The midlife crisis has become a pop culture catchphrase, we have seen it depicted in books and movies: middle aged men buying flashy cars or women dating younger men. But does the concept of a midlife crisis actually exist? Psychologist Susan Kraus Whitbourne talked with Katie Couric to debunk the myth of the midlife crisis.
Psychoanalyst Elliot Jacques coined the term “Midlife Crisis” in 1965 to identify a period of dramatic self doubt. But through research, Dr. Krauss Whitborne has found the concept to be “more of a fantasy than reality.” She found that people experience hormonal shifts throughout their life but are built to adjust to life’s changes and challenges. Ultimately, Dr. Krauss Whitborne believes that happiness and age are not related.
Changes in society also lend themselves to ending the so-called plague of the midlife crisis. Our paths are continually more unique than our parents and grandparents. People are getting married later in life, going back to school and changing careers more often than in the past. Life expectancy continues to increase, making pinpointing middle age more difficult. More than ever, there is a sense of optimism in aging.
So why are we so connected to the concept? Krauss Whitborne believes that the concept of a midlife crisis has been mythologized as social crutch and people like to have an excuse for bad behavior. Even people in their twenties claim to suffer from a ‘quarter-life crisis’ because it is easier to label your life stages.
Dr. Krauss Whitborne doesn’t deny that life brings on challenges and periods of self doubt or anxiety, which is natural. She cautions to pay attention to your mental and emotional health and seek professional help if feelings of negativity and hopelessness persist.

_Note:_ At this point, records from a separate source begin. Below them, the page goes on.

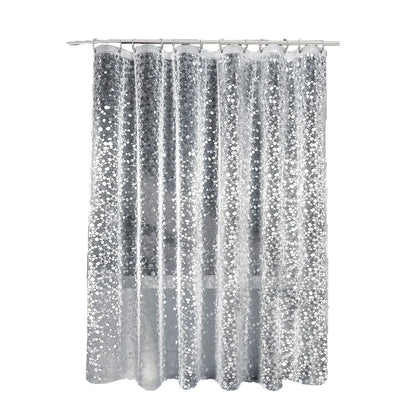 Large Size 1 Piece Shower Curtain Liner Waterproof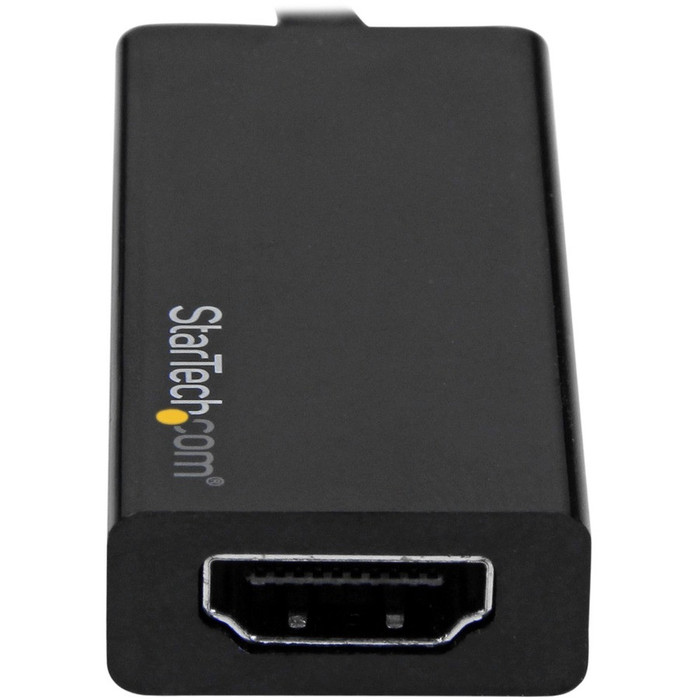 Alternate-Image3 Image for StarTech.com USB C to HDMI Adapter - 4K 60Hz - Thunderbolt 3 Compatible - USB-C Adapter - USB Type C to HDMI Dongle Converter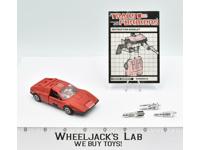 Overdrive 100% Complete 1985 Vintage Hasbro G1 Transformers Action Figure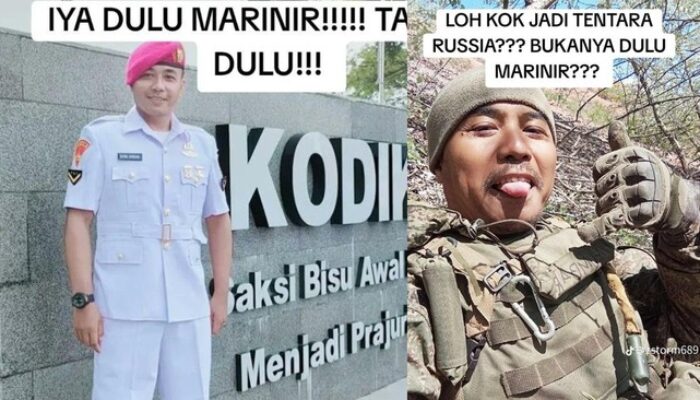 “Tanda Tanya Besar: Bagaimana Status WNI Eks Marinir yang Desertir dan Ikut Perang di Rusia?”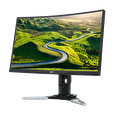 Acer LCD XZ271ABMIIPHZX - 27"(69cm), 100M:1, 300cd/m2, 178°/?178°, 1ms, HDMI, USB, DP, black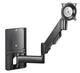 Chief® Professional AV Solutions Black Height Adjustable Metal Stud Wall Mount-0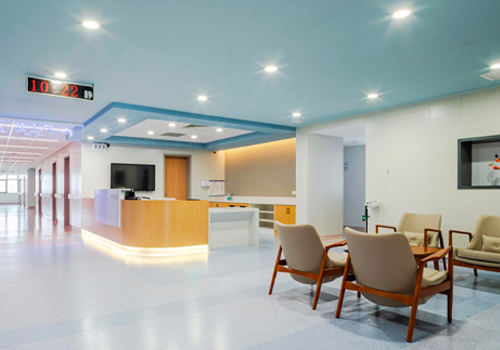 MUSE Design Awards - Puyang Second People’s Hospital Inpatient Building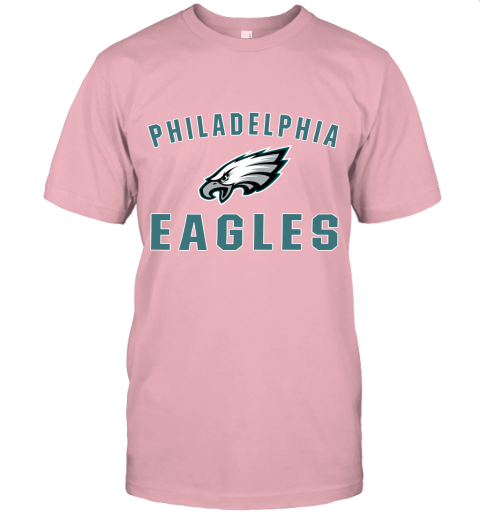 Philadelphia Eagles NFL Line Gray Victory Unisex Jersey Tee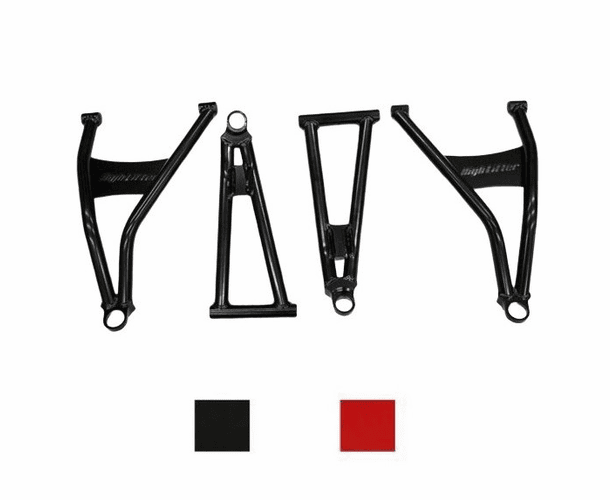 High Lifter Max Honda Pioneer 1000 Clearance Front Forward Upper and Lower Control Arms
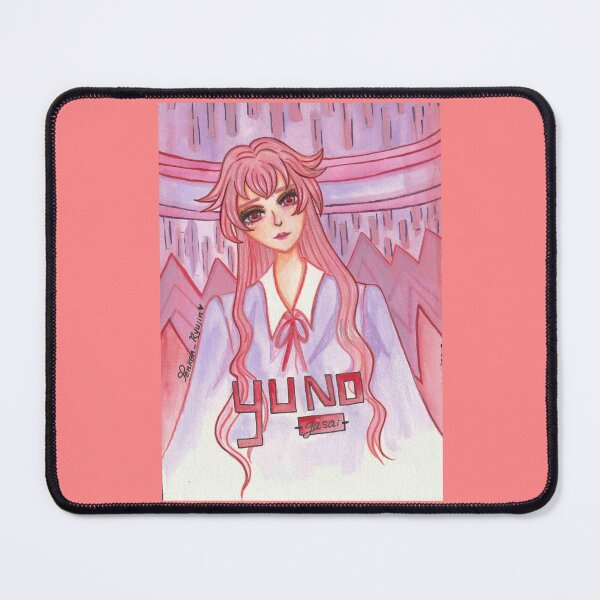 Item preview, yuno gasai fanart from mirai nikki/ future dairy designed and sold by tenkenryujin.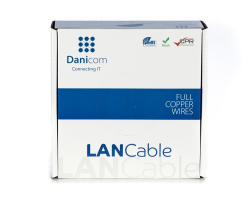 DSIT CAT6 UTP 50m Starrleiter - LSZH (Dca) - CAT 6 - UTP
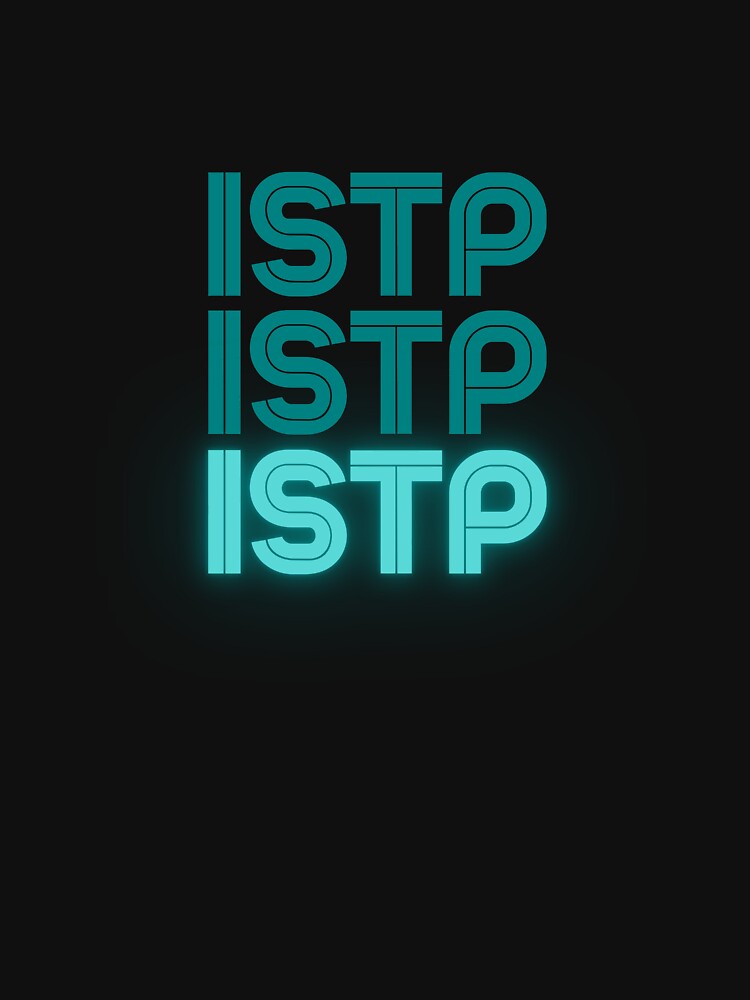 ISTP Personality Type Art. MBTI Art. ISTP Gift. MBTI Gift by PartiesPersonal
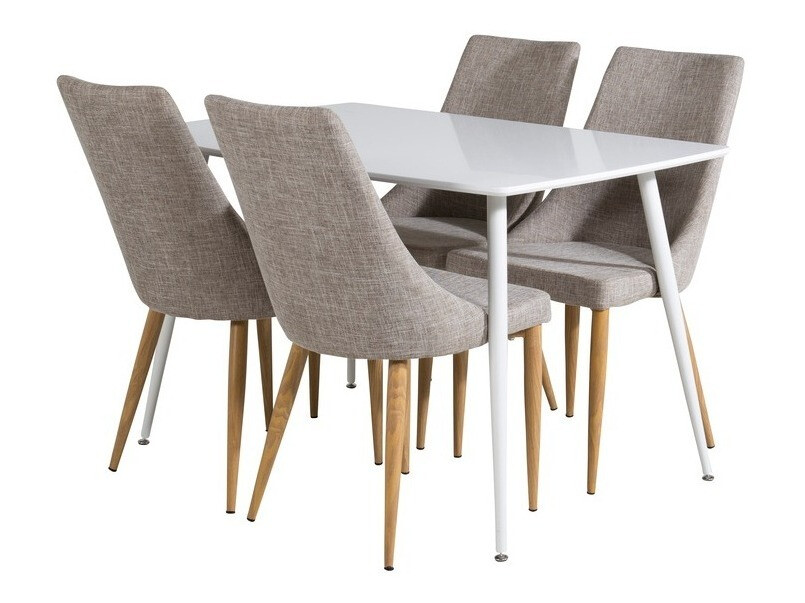 Маса и столове за трапезария Dallas 2025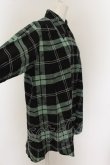 画像3: ヴィヴィアンウエストウッド 中古 / オーブジャガードチェックサークルシャツ 00 グリーン  O-24-06-23-015-bl-IG-ZH (3)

Myth or not, people are responsible for their outlook on the world and building a life that is fulfilling for them. Dr. Krauss Whitborne believes that happiness can be found at any age and the key is to finding deeper sources of meaning and purpose in life versus momentary happiness. As she points out in her book, Fulfillment at Any Age, there is a difference between happiness and satisfaction. Satisfaction comes from being a valid part of the world, at any chapter of your life.